REQUIREMENT :: Each entry has to be printed again exactly.

STORED DATA ::
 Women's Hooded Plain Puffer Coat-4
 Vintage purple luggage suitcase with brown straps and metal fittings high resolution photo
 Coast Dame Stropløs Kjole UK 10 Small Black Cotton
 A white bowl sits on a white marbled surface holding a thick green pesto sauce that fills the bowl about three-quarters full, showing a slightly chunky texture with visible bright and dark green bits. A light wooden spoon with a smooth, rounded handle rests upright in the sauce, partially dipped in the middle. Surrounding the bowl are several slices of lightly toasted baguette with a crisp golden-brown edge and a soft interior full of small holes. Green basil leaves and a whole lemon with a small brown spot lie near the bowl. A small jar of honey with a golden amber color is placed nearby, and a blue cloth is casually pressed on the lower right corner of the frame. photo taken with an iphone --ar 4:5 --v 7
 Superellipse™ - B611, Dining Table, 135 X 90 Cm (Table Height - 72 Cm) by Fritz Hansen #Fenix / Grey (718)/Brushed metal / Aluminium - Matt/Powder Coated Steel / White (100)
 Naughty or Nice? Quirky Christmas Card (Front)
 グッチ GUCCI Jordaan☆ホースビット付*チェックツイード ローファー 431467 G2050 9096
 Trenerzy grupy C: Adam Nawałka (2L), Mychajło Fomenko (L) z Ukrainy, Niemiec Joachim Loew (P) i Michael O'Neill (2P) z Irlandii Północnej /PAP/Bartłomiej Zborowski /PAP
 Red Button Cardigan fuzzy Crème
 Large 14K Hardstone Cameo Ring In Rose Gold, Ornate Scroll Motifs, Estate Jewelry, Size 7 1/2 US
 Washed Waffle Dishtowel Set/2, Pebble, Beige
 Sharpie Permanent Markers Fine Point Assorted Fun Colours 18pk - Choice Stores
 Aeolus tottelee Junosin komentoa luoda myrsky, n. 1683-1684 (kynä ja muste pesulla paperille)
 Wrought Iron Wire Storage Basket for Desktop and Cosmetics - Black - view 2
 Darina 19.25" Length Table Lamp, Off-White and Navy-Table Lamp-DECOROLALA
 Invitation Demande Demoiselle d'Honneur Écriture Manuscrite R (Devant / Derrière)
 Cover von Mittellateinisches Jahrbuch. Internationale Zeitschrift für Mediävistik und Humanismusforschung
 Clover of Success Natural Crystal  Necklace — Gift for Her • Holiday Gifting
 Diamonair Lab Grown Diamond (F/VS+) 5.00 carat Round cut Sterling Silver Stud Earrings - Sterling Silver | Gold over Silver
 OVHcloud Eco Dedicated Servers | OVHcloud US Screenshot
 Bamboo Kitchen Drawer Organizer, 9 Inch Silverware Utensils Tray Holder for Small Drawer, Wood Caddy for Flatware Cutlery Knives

FINISHED EXERCISE ::
 Women's Hooded Plain Puffer Coat-4
 Vintage purple luggage suitcase with brown straps and metal fittings high resolution photo
 Coast Dame Stropløs Kjole UK 10 Small Black Cotton
 A white bowl sits on a white marbled surface holding a thick green pesto sauce that fills the bowl about three-quarters full, showing a slightly chunky texture with visible bright and dark green bits. A light wooden spoon with a smooth, rounded handle rests upright in the sauce, partially dipped in the middle. Surrounding the bowl are several slices of lightly toasted baguette with a crisp golden-brown edge and a soft interior full of small holes. Green basil leaves and a whole lemon with a small brown spot lie near the bowl. A small jar of honey with a golden amber color is placed nearby, and a blue cloth is casually pressed on the lower right corner of the frame. photo taken with an iphone --ar 4:5 --v 7
 Superellipse™ - B611, Dining Table, 135 X 90 Cm (Table Height - 72 Cm) by Fritz Hansen #Fenix / Grey (718)/Brushed metal / Aluminium - Matt/Powder Coated Steel / White (100)
 Naughty or Nice? Quirky Christmas Card (Front)
 グッチ GUCCI Jordaan☆ホースビット付*チェックツイード ローファー 431467 G2050 9096
 Trenerzy grupy C: Adam Nawałka (2L), Mychajło Fomenko (L) z Ukrainy, Niemiec Joachim Loew (P) i Michael O'Neill (2P) z Irlandii Północnej /PAP/Bartłomiej Zborowski /PAP
 Red Button Cardigan fuzzy Crème
 Large 14K Hardstone Cameo Ring In Rose Gold, Ornate Scroll Motifs, Estate Jewelry, Size 7 1/2 US
 Washed Waffle Dishtowel Set/2, Pebble, Beige
 Sharpie Permanent Markers Fine Point Assorted Fun Colours 18pk - Choice Stores
 Aeolus tottelee Junosin komentoa luoda myrsky, n. 1683-1684 (kynä ja muste pesulla paperille)
 Wrought Iron Wire Storage Basket for Desktop and Cosmetics - Black - view 2
 Darina 19.25" Length Table Lamp, Off-White and Navy-Table Lamp-DECOROLALA
 Invitation Demande Demoiselle d'Honneur Écriture Manuscrite R (Devant / Derrière)
 Cover von Mittellateinisches Jahrbuch. Internationale Zeitschrift für Mediävistik und Humanismusforschung
 Clover of Success Natural Crystal  Necklace — Gift for Her • Holiday Gifting
 Diamonair Lab Grown Diamond (F/VS+) 5.00 carat Round cut Sterling Silver Stud Earrings - Sterling Silver | Gold over Silver
 OVHcloud Eco Dedicated Servers | OVHcloud US Screenshot
 Bamboo Kitchen Drawer Organizer, 9 Inch Silverware Utensils Tray Holder for Small Drawer, Wood Caddy for Flatware Cutlery Knives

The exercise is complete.